» **Task to carry out**:
Repeat the lines below exactly as they appear, but leave out the images.

» **Data below**:
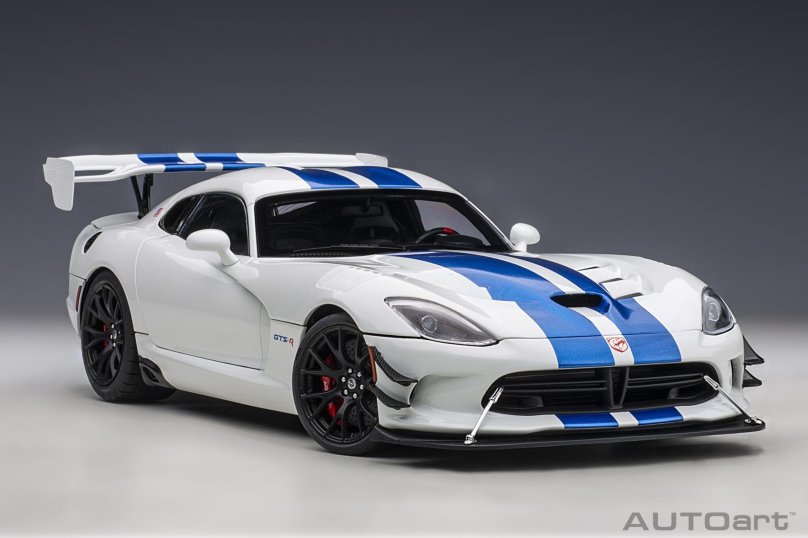Dodge Viper AUTOART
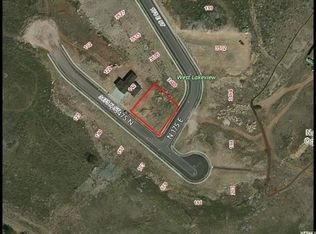 166 E 3475 N, North Ogden, UT 84414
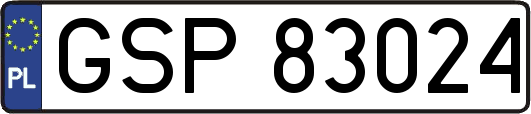 GSP83024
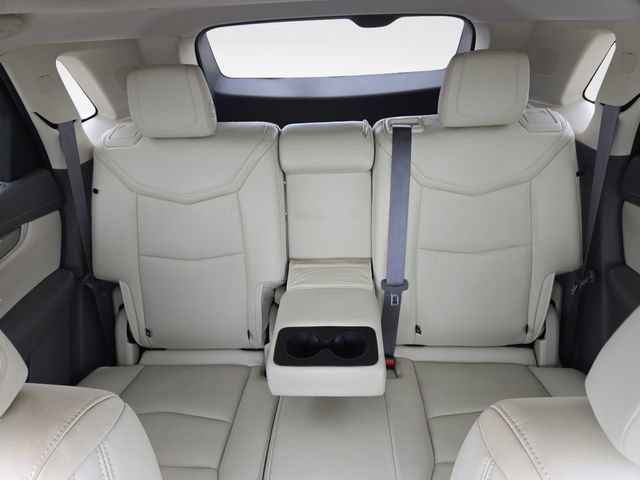 Used 2019 Cadillac XT5 Premium Luxury FWD image 35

» **Solution to the problem**:
Dodge Viper AUTOART
 166 E 3475 N, North Ogden, UT 84414
 GSP83024
 Used 2019 Cadillac XT5 Premium Luxury FWD image 35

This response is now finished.